Because free trade is so hotly contested, its propone nts have developed concepts and phrases that explicitly or implicitly defend it against charges that practice falls short of theory. But the catch phrases of international trade -“comparative advantage,” “the development round,” “trade not aid,” and “level playing field” - hide tough choices that developing and developed governments must make to ameliorate concerns that the existing trade system is not living up to its promise. True amelioration and affirmation of free trade will come only if the concepts reflected in these terms are enacted in the real world. For this to occur, rich and developing countries alike must devote much greater political will to living up to the principles and commitments they claim to support. The “invisible hand” of the market will not create the benefits that people around the world demand unless the visible hands of governments and trade negotiators correct the distortions and failures of the global marketplace.

1.4.2 Comparative Advantage

The theoretical basis for believing that trade liberalization is good for everyone is the notion of comparative advantage. This theory posits that when states trade, each will adjust to do what it is relatively better at. Rather than trying to provide all its economic needs on its own, state A can make more money specializing and selling what it does best while buying from states B and C what they produce best. Everyone will gain based on their relative efficiency. The problem with the theory is that some states may be so efficient that they are able to supply the needs of all in multiple markets. For example, it is widely believed that China has the capacity to supply the entire world with apparel and to do so with greater efficiency than any other country. Suppose at the same time that some big agricultural producers are so efficient - or so well subsidized by their rich governments - that they can sell food more cheaply than the poorest developing countries. That would leave many states without any effective comparative advantage and with domestic economies that are too weak to create new global niches. In theory, a person, company or country that loses its comparative advantage to a rival will then adjust and find a new comparative advantage. However, in reality, some countries - like some unemployed workers or failed companies - may not be able to adjust within a tolerable time frame and may be left worse off than they were before trade liberalization.
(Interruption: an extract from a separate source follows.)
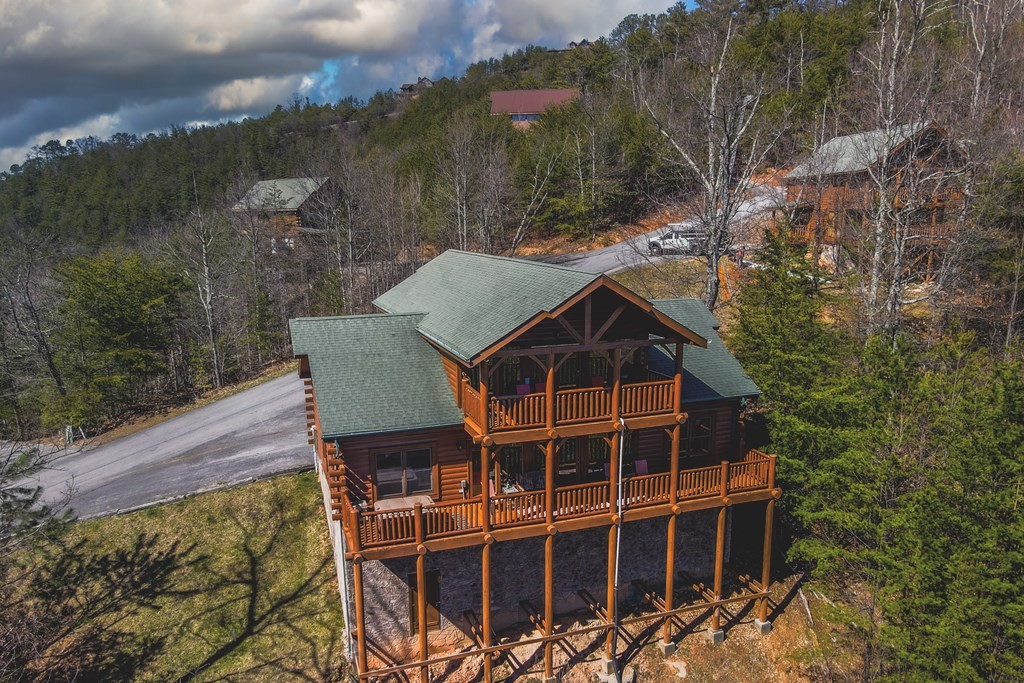 4524 Stackstone Road Sevierville, TN 37862 - Photo 3 of 38 Gallery Image 3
Without special provisions in trade rules or other related affirmative action, some poor countries will be unable to compete in the global economy.

2 The underlying Issues - before Cancun

WTO officials claimed that negotiatons in the Doha round had made reasonable progress, given the structure of the WTO as well as in comparison to other rounds of multilateral trade negotiations. But, they stressed that negotiations would have to pick up pace and resolve more contentious issues before the Cancun ministerial convened in September.

Key negotiating deadlines had not been met, but WTO and other trade officials all stressed that the fact that negotiations are still underway is a sign of some progress. Mini- ministerial meetings were being held prior to Cancun (in Cairo during the last week of June and in Montreal during the last week of July) to attempt to resolve outstanding issues. The resolution of two broad issues was the key to achieving the success of this negotiating round:

1. Agriculture , especially market access and subsidies issues. Agriculture is a big linkage issue - an agreement here will unblock other doors. The lack of agreement on agriculture has slowed down progress on all other negotiating issues.
2. Development Issues: Over three-quarters of WTO members are developing countries. Key priorities are special & differential treatment, capacity building, implementation by developed countries of previous commitments, and provision in the Agreement on Trade Related Aspects of Intellectual Property Rights (TRIPS) providing developing countries with access to drugs to treat epidemics.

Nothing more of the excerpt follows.